Print all of the records. Exclude the images.

(Record set begins)

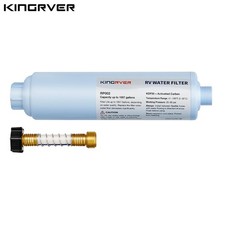 1 Pack Inline Water Filter with Hose Protector for 3/4" Garden Hose, RV, Camper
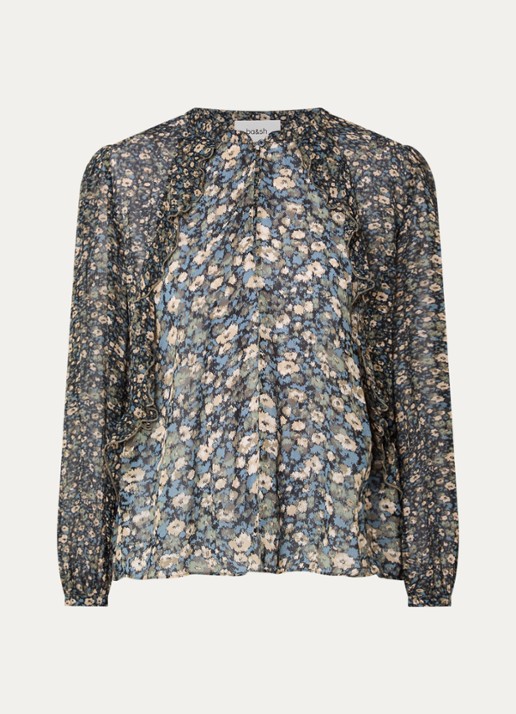 ba&sh Kross tuniek met print en V-hals - voorkant 3 groen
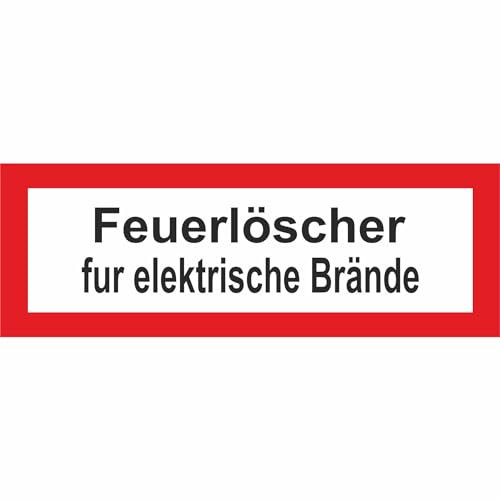 Indigos UG - 3mm Aluverbundplatte - Feuerlöscher für elektrische Brände Hinweisschild Brandschutz - 29,7x10,5 cm - Warnung - Sicherheit - Hotel, Firma, Haus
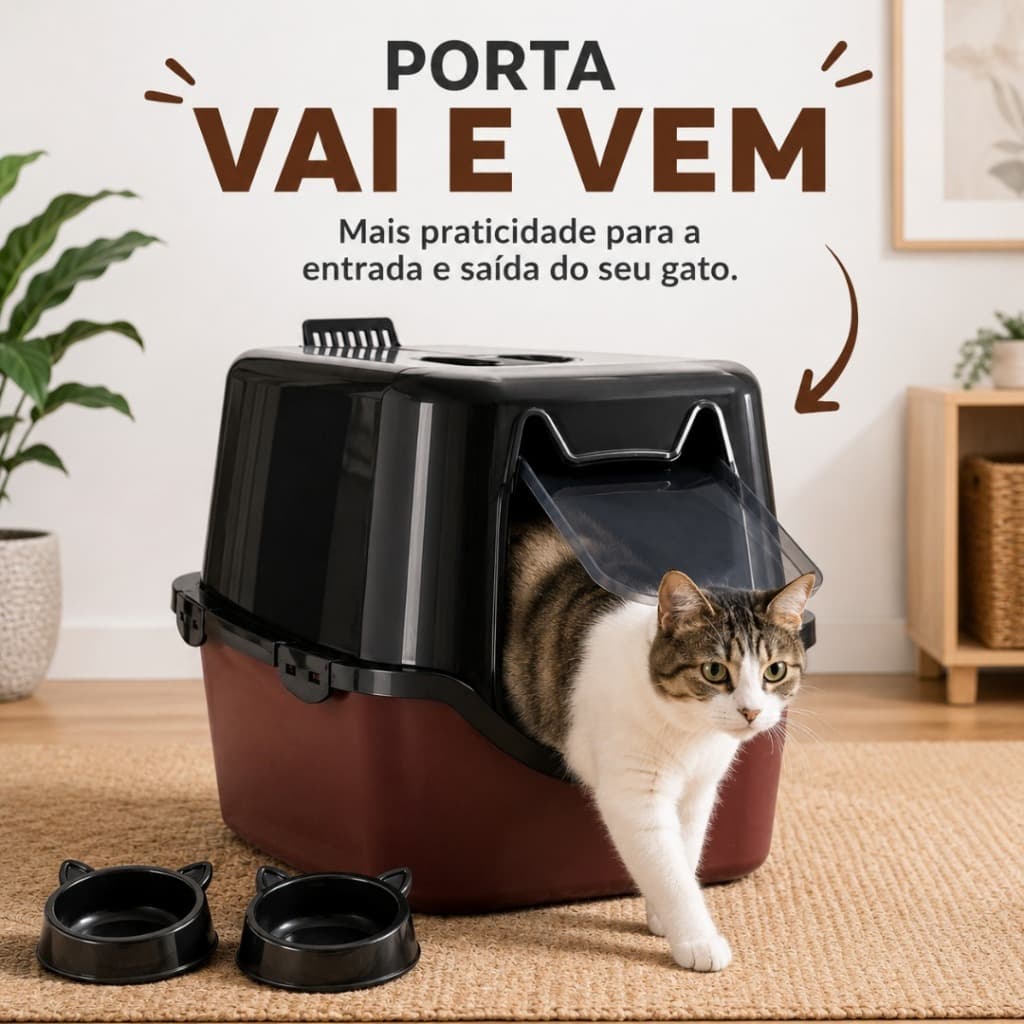 Caixa de Areia Fechada Pá Comedouro e Bebedouro Toalete Banheiro Sanitário Gato Antiodor Marrom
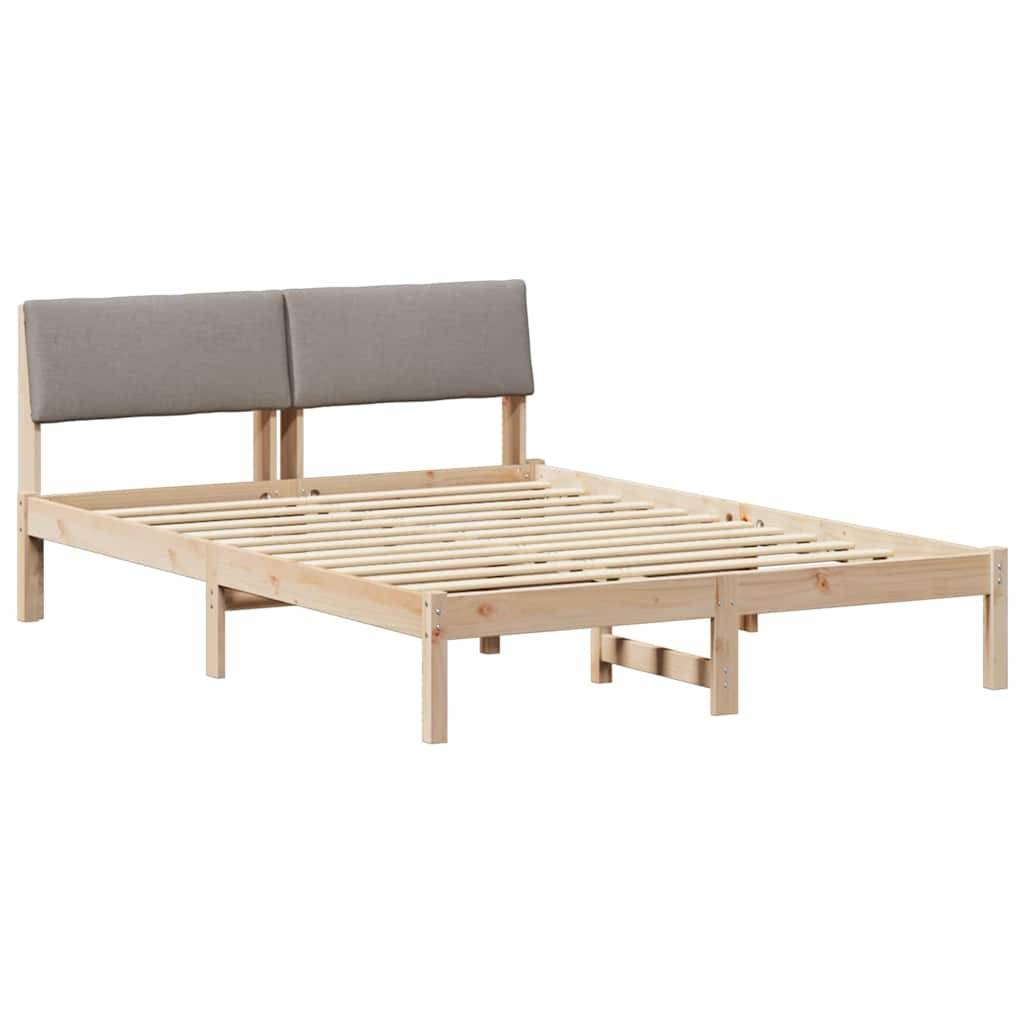 vidaXL Bettgestell Braun und Taupe 150 x 200 cm Massivholz Kiefer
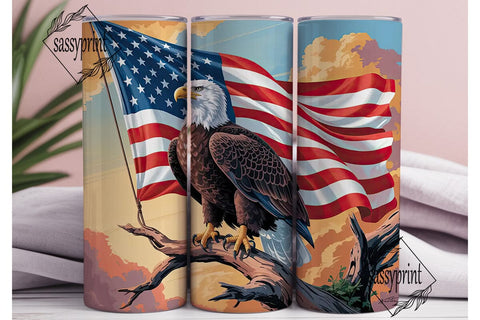 Patriotic Eagle 20oz Tumbler Wrap Sublimation sassyprint 
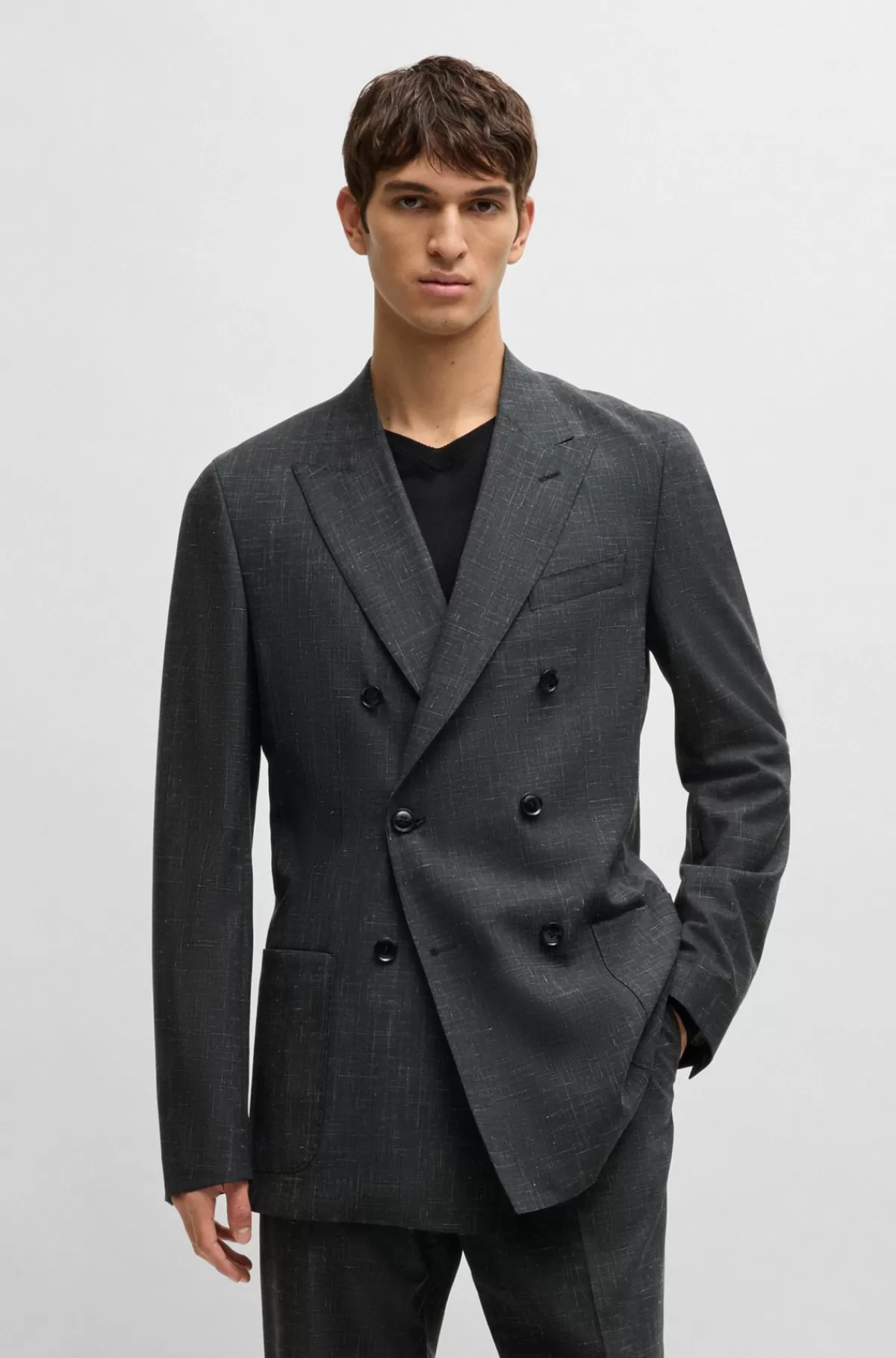 HUGO BOSS Jakkesæt Med Slim Fit I Mønstret Uld, Hør Og Stræk Grå Best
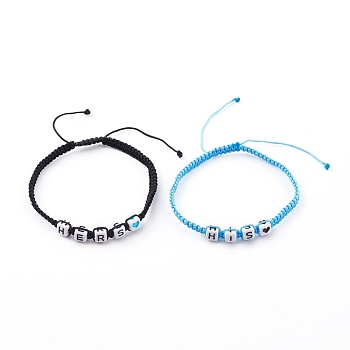 Adjustable Nylon Thread Braided Bead Bracelets, Couple Bracelet Sets, with Acrylic Beads, Cube, Word His & Hers, Mixed Color, Inner Diameter: 2-1/4~3-3/8 inch(5.8~8.7cm), 2pcs/set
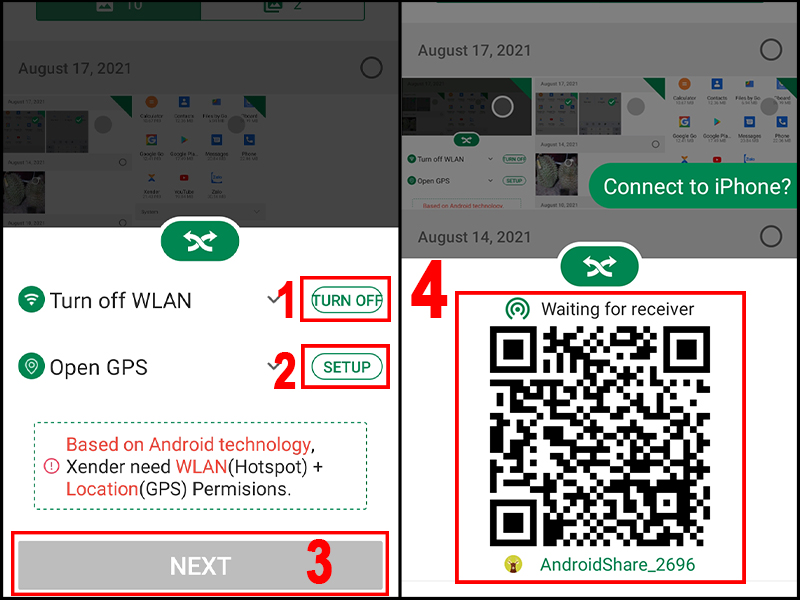 Thiết lập TURN OFF ở mục Turn off WLAN và SETUP ở mục Open GPS để dứng dụng tạo mã QR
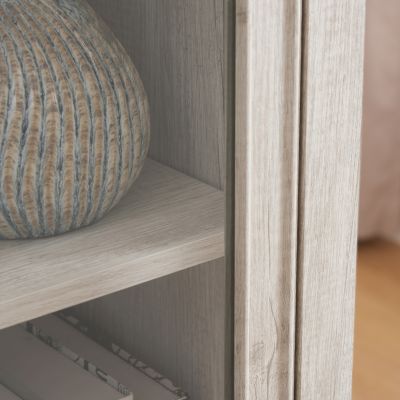 Tall Storage Cabinet with Glass Door and Shelves for Home or Office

(Record set ends)

▸ Output:
 1 Pack Inline Water Filter with Hose Protector for 3/4" Garden Hose, RV, Camper
 ba&sh Kross tuniek met print en V-hals - voorkant 3 groen
 Indigos UG - 3mm Aluverbundplatte - Feuerlöscher für elektrische Brände Hinweisschild Brandschutz - 29,7x10,5 cm - Warnung - Sicherheit - Hotel, Firma, Haus
 Caixa de Areia Fechada Pá Comedouro e Bebedouro Toalete Banheiro Sanitário Gato Antiodor Marrom
 vidaXL Bettgestell Braun und Taupe 150 x 200 cm Massivholz Kiefer
 Patriotic Eagle 20oz Tumbler Wrap Sublimation sassyprint 
 HUGO BOSS Jakkesæt Med Slim Fit I Mønstret Uld, Hør Og Stræk Grå Best
 Adjustable Nylon Thread Braided Bead Bracelets, Couple Bracelet Sets, with Acrylic Beads, Cube, Word His & Hers, Mixed Color, Inner Diameter: 2-1/4~3-3/8 inch(5.8~8.7cm), 2pcs/set
 Thiết lập TURN OFF ở mục Turn off WLAN và SETUP ở mục Open GPS để dứng dụng tạo mã QR
 Tall Storage Cabinet with Glass Door and Shelves for Home or Office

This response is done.